Ideally, when shopping, you should look for regional, seasonal products from organic farming. Organic farming does not require the use of synthetic pesticides and fertilizers. These are used to grow green beans, especially in developing countries that rely heavily on exporting their produce. In the past, however, there have been increasing cases of poisoning among farmers due to these pesticides, which has led to stricter regulations. Beans intended for export must therefore meet certain standards, which are monitored by the EU. The stricter regulations have led to an increase in the use of alternative pest control practices and the wearing of protective clothing. 13

Worldwide occurrence - cultivation

The common bean ( Phaseolus vulgaris ) originally comes from Central America and the Andean region of South America. For a long time it was assumed that there were two centers of domestication. However, recent studies show that the common bean was probably first domesticated in Mexico and later cultivated in the Andean regions. 6 In the 16th century, common beans were introduced to Europe, with varieties from Central and South America being cultivated. Over the centuries, Europe developed its own varieties through hybridization. 7

Found in the wild Wild

forms of the common bean can be found in Central and South America. 6 A wild parent form, Phaseolus aborigineus Burk., is still found in Venezuela, Colombia, Peru, Bolivia and Argentina. 8,9 Wild common beans are rarely found in Europe. There they are mainly found in a cultivated form.

Cultivation -

Harvest Wax beans can be planted in the garden bed. They grow as bush beans and do not need any trellises. When fully grown, they reach a height of 25 to 30 cm. They like a sunny or partially shaded location. The soil should be deep and well-drained. Bush beans are very sensitive to cold. The higher the temperatures, the faster the seeds germinate. Certain bush beans can be planted outdoors from mid-May. Most varieties, however, only between June and August. 4.5

For direct sowing in the bed, the seeds can be sown in 2-3 cm deep grooves every 40-50 cm in a row with a distance of 4 cm between the rows. Often not all beans germinate, so to be on the safe side you can always plant two beans directly next to each other. Then water well and keep moist during the germination phase. The young plants should be mounded up to increase stability and stimulate root growth. Bush beans need the most water during the period from flowering to fruiting. You should also hoe them regularly and loosen the soil. 5

Depending on the variety, bush beans can be harvested after about 6 weeks. 4 Wax beans are tastiest after they turn from green to yellow.

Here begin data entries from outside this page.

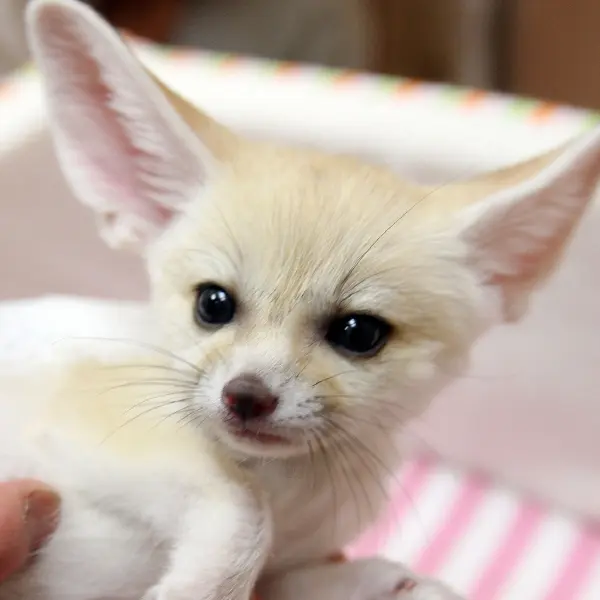Suhun8.1의 양정인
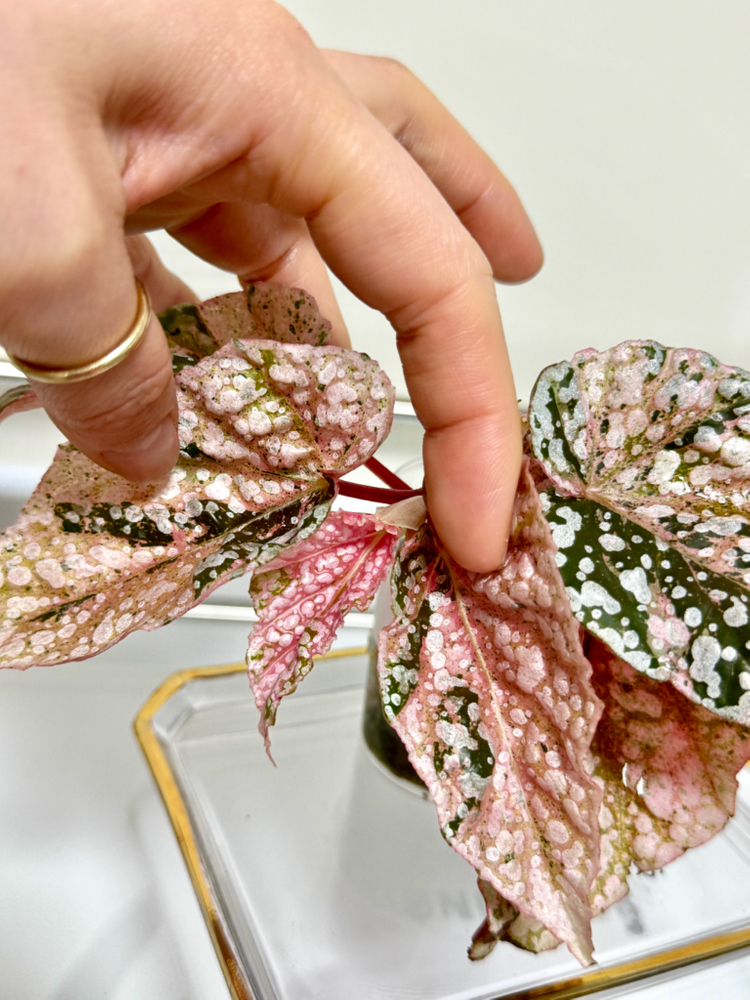 베고니아 스노우캡 핑크 바리에가타 07 이미지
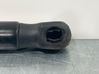 Tailgate/trunk strut/damper 1666068
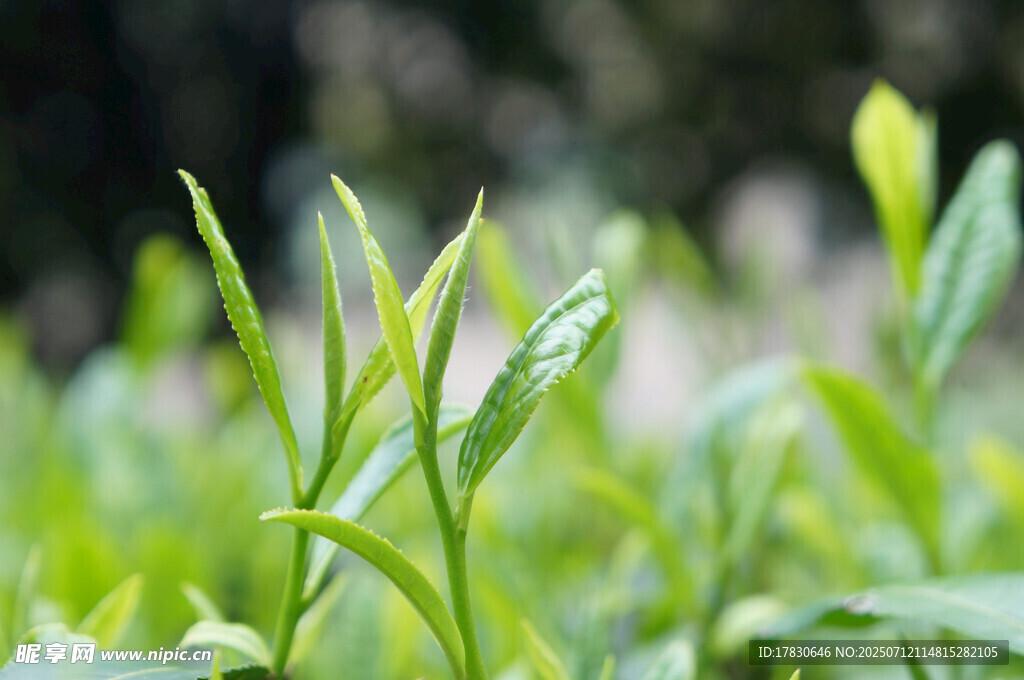 嫩绿新茶芽尖特写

Yellow beans should be harvested when the seeds have not yet pushed through the shell and the pod breaks cleanly when bent. The younger the pods, the more tender the beans taste. You can harvest the pod by carefully snapping off the stem with your fingers. You can also cut it off with sharp scissors. Regularly harvesting the bean plants promotes fruit setting and thus the formation of new fruit. 4.5

Further information

What are wax beans? Wax beans or yellow beans are a variant of the common bean ( Phaseolus vulgaris ). This belongs to the subfamily of the Faboideae. The pods of the common bean ( Phaseolus vulgaris ) can be flat or round in cross-section and can be marbled in various colors such as green, yellow, purple or black. Yellow beans (wax beans) are often eaten with the pods still unripe (but always cooked). The seeds of the common bean have different colors and shapes and are often used to make dried beans.

Alternative names

Yellow beans are also called wax beans, wax snap beans or butter beans. The English name is wax beans or yellow beans.